Tras el indeciso y sangriento Eylau, la victoria de Friedland del 14 de junio de 1807 puso a Rusia de rodillas. Alejandro pidió un armisticio. Faltaba hallar un lugar de encuentro: la ciudad de Tilsit estaba ocupada por los franceses, la orilla opuesta en manos rusas. Se construyó pues en medio del Niemen una balsa con dos pabellones, el de Francia marcado con una N, el de Rusia con una A.

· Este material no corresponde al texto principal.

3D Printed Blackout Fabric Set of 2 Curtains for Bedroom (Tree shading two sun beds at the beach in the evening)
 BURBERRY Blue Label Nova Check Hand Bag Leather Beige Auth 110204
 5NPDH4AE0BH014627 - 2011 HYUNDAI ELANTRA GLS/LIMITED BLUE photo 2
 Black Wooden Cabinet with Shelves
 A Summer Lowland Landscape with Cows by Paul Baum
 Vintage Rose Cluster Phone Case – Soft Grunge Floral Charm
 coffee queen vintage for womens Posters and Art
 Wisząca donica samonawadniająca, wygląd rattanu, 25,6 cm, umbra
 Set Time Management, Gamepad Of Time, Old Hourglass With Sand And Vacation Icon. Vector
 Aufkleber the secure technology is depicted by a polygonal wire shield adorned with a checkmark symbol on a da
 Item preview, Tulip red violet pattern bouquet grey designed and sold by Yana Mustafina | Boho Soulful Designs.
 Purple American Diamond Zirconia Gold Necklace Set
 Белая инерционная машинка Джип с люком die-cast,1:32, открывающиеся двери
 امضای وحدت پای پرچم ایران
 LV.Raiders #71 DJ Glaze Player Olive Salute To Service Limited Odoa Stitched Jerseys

El 25 de junio los dos emperadores abordaron cada uno desde su orilla, en el mismo segundo, y se abrazaron ante los dos ejércitos formados. Permanecieron solos dos horas. Alejandro habría abierto con una frase que se hizo famosa: odiaré a los ingleses tanto como usted. El rey de Prusia, cuyo reino estaba en juego, esperó en la ribera bajo la lluvia y solo fue admitido al día siguiente.
Los tratados del 7 y el 9 de julio rediseñaron el continente. Prusia perdió la mitad de su territorio y de su población; se crearon el ducado de Varsovia y el reino de Westfalia; Rusia reconoció todas las conquistas francesas y se adhirió al Bloqueo continental. La reina Luisa vino a interceder en persona por Magdeburgo; obtuvo cumplidos y nada más.
Es el apogeo del reinado: dos hombres deciden entre ellos la suerte de Europa. El montaje solo se sostenía sobre su entendimiento, y el entendimiento se deshizo sobre el bloqueo, Polonia y Oriente. En junio de 1812 la Grande Armée cruzó el Niemen a unas decenas de kilómetros de la balsa. Tilsit se llama hoy Sovetsk y está en Rusia, en una frontera que los tratados de 1807 no habían previsto.